I am looking to show that the Ricci tensor of the first kind, $R_{i j}$ obtained by retracting the Riemann tensor of the first kind, via $R_{i j} = R^k_{i j k}$ is symmetry. To do this, I have shown that
$R_{i j} = \frac{\partial^2}{\partial x^i \partial x^j} \log \left( \sqrt{|g|} \right) - \frac{1}{\sqrt{ |g| } } \frac{\partial}{\partial x^r} \left( \sqrt{ |g| } \Gamma^r_{i j} \right) + \Gamma^r_{i s} \Gamma^s_{r j},$
where $g = \det G = \det g_{i j}$, as symmetry easily follows from this,
but in doing so I have used the fact that $\frac{\partial}{\partial x^i} \left( \log \det A \right) = b_{s r} \frac{\partial a_{r s}}{\partial x^i}$, where $A = \left[ a_{i j} (x) \right]$ and $B = \left[ b_{i j} (x) \right]$, which I have so far been unable to prove.

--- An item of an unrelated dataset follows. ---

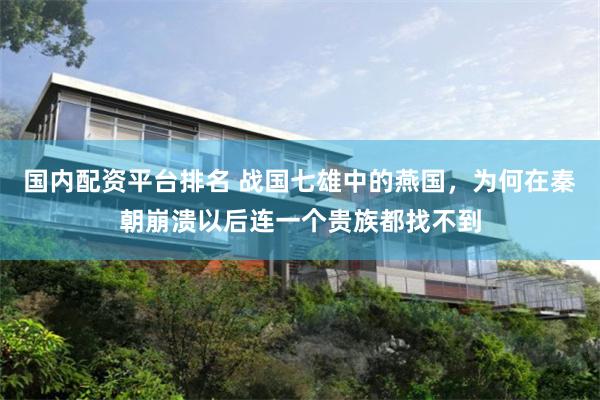 国内配资平台排名 战国七雄中的燕国，为何在秦朝崩溃以后连一个贵族都找不到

I have been given the following hint to do so, however:
"Start by justifying the following chain of identities: $\frac{\partial}{\partial x^i} \left( \log \det A \right) = \frac{1}{\det A} \frac{\partial}{\partial x^i} \left( \det A \right) = \frac{1}{\det A} \frac{\partial}{\partial a_{r s}} \left( \det A \right) \frac{\partial a_{r s}}{\partial x^i} = \frac{ \left( \textrm{cof } A \right)_{ r s}}{\det A} \frac{\partial a_{r s}}{\partial x^i} = b_{s r} \frac{\partial a_{r s}}{\partial x^i}$, where $A$ and $B$ are as defined previously."
I think the first identity in the chain can be justified by the usual rules of differentiating a $\log$, the second via the 'chain rule' but I am unsure of the last two. I'd very much appreciate a hint. :)